> YOUR GOAL:
Only the lines from the one containing "HK2 Antibody" through the end of the records should be retyped, exactly and including both ends; pictures stay out.

> ENTRIES SHOWN:

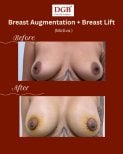 Résultat avant/après augmentation mammaire avec lifting à DGB Clinic, implants Motiva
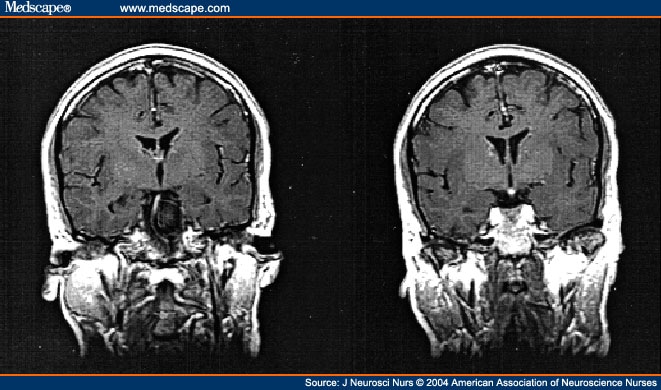 mri brain scan. imaging (MRI) scan with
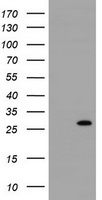 HK2 Antibody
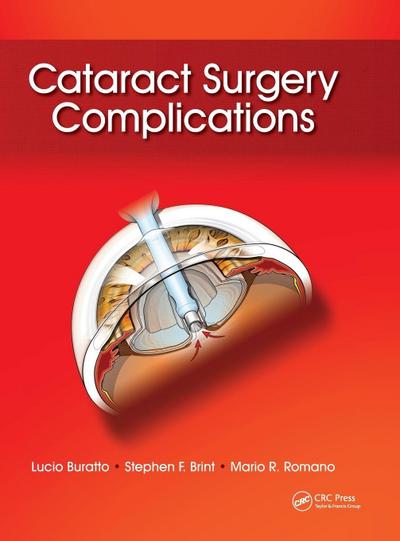 Cataract Surgery Complications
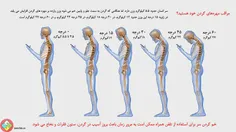 آسیب موبایل به ستون فقرات . . . 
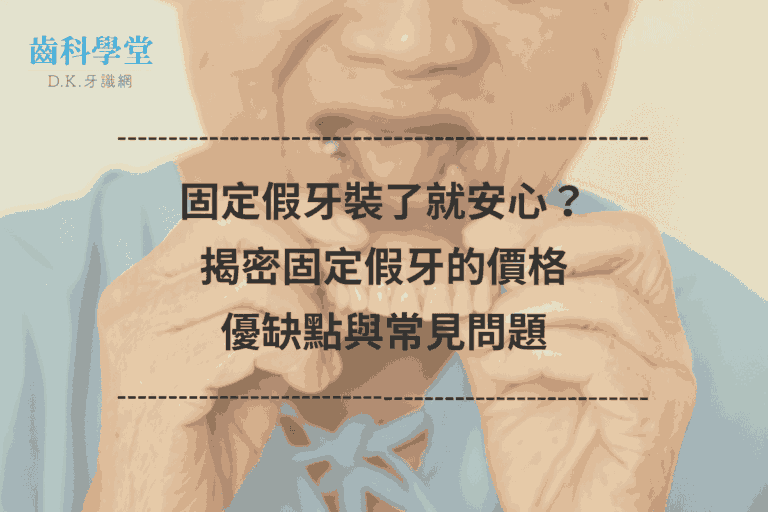 固定假牙裝了就安心？揭密固定假牙的價格、優缺點與常見問題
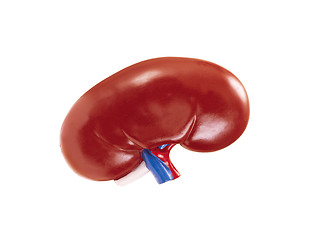 Image showing artificial kidney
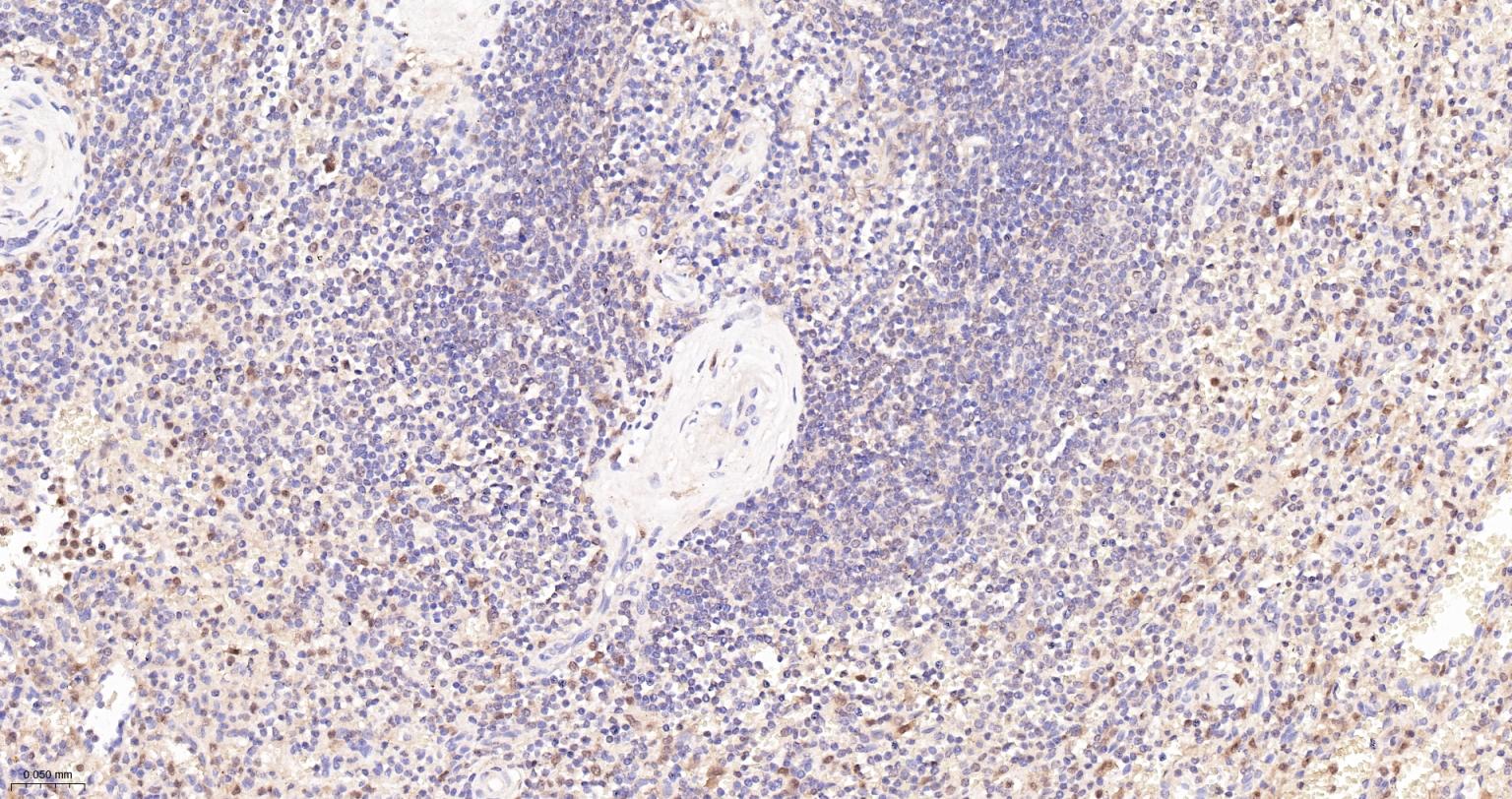 凋亡相关斑点样蛋白ASC重组兔单抗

> EXERCISE ANSWER:
 HK2 Antibody
 Cataract Surgery Complications
 آسیب موبایل به ستون فقرات . . . 
 固定假牙裝了就安心？揭密固定假牙的價格、優缺點與常見問題
 Image showing artificial kidney
 凋亡相关斑点样蛋白ASC重组兔单抗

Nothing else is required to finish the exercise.